I don't miss him anymore. I don't think about him often. But I can't forget. Losing him, losing our friendship, was the beginning of my metamorphoses from a lost teenager to an adult finding her way. There were no answers, and that is when I realized that life goes on without answers. There was so much pain that wouldn't go away, which is how I realized that in order to go on with all that pain I would have to embrace it and let it change me. There was no way to go back, and then I realized that there never would be. Ever little thing, ever big thing, combines to make me who I am. I am left wondering, who would I be today without him? Who would he be today?

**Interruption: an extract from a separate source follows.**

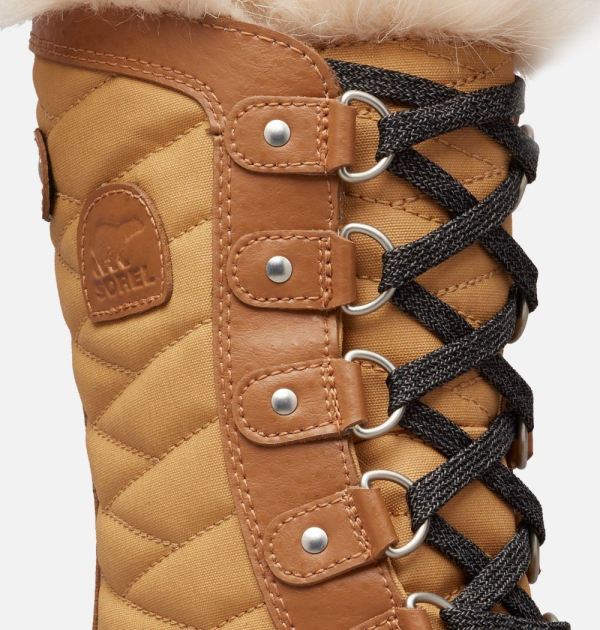 Sorel Shoes Big Kids' Tofino II Boot  -Curry Elk
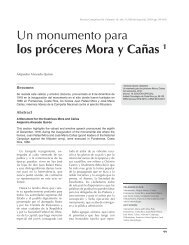 Un monumento para los próceres Mora y Cañas 1 - Tecnológico de ...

Earlier, over dinner cooked on our gas oven, we'd discovered the joys of "burning" Styrofoam cups. On mine I'd written the feelings I had for a Certain Person... We spent a lot of time during our senior year together. He wanted me but I just told Him I wasn't interested. But I was. The last time I saw Him we had a big fight, didn't say goodbye, and He never told me He was leaving. So I wrote out my frustration, hurt, confusion, and that lingering feeling that could have been love on a Styrofoam cup. Then watched in sadness and interest as all the words melted over that maroon candle. Then the call came. Jo answered and I knew by her face what Mom was saying. I even knew who it was. She didn't have to say it, but somehow the look of shock and horror in her face when she put down the phone and then put her arms around me couldn't prepare me for the words that came crashing through my mind into my heart: "It's Jesse".

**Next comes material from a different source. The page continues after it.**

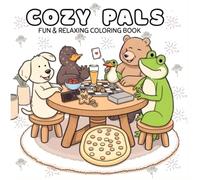 COZY PALS: Fun and Relaxing Coloring Book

Jesse, the one who had been there for me, and Him, through the whole thing. Jesse, the one who used to make me smile when nothing else would. Jesse, the one who I thought would always be there, was gone. His whole family had been killed when a semi careened into the back of their van as they sat in traffic near their home.
I remember crying for hours with my head in her lap as she stroked my hair and handed me an endless string of tissues. I remember her reading Psalms to me as I fell into a fitful sleep. I remember thinking I'd never sleep, then waking up and wishing I could just be asleep again. I remember spending hours over the next few days sitting and trying to fathom what had happened. I remember standing in church three days later bawling my eyes out. I remember my Mom putting her arm around me and not saying anything. I remember standing in little groups with my friends - no one had anything to say. I remember wishing that somehow in all this pain He would come back and help me through it - the way the three of us had done everything else together that year. I remember the rain that fell all day Tuesday - mimicking the tears that would not stop running down my face. I remember countless nights dreaming about him being alive again - half the time I thought it was real and cried when I woke up, the other half of the time I knew it wasn't real and woke up crying. I remember the last dream about him - he'd died. I remember wondering when I was going to move on - when life would go back to normal.
And now I know the answer to that question: NEVER.
That string of events was the beginning of a new normal. A normal that included more pain than I'd ever experienced before. A normal that never stopped changing.
I don't miss him anymore. I don't think about him often. But I can't forget. Losing him, losing our friendship, was the beginning of my metamorphoses from a lost teenager to an adult finding her way. There were no answers, and that is when I realized that life goes on without answers. There was so much pain that wouldn't go away, which is how I realized that in order to go on with all that pain I would have to embrace it and let it change me. There was no way to go back, and then I realized that there never would be. Ever little thing, ever big thing, combines to make me who I am. I am left wondering, who would I be today without him? Who would he be today?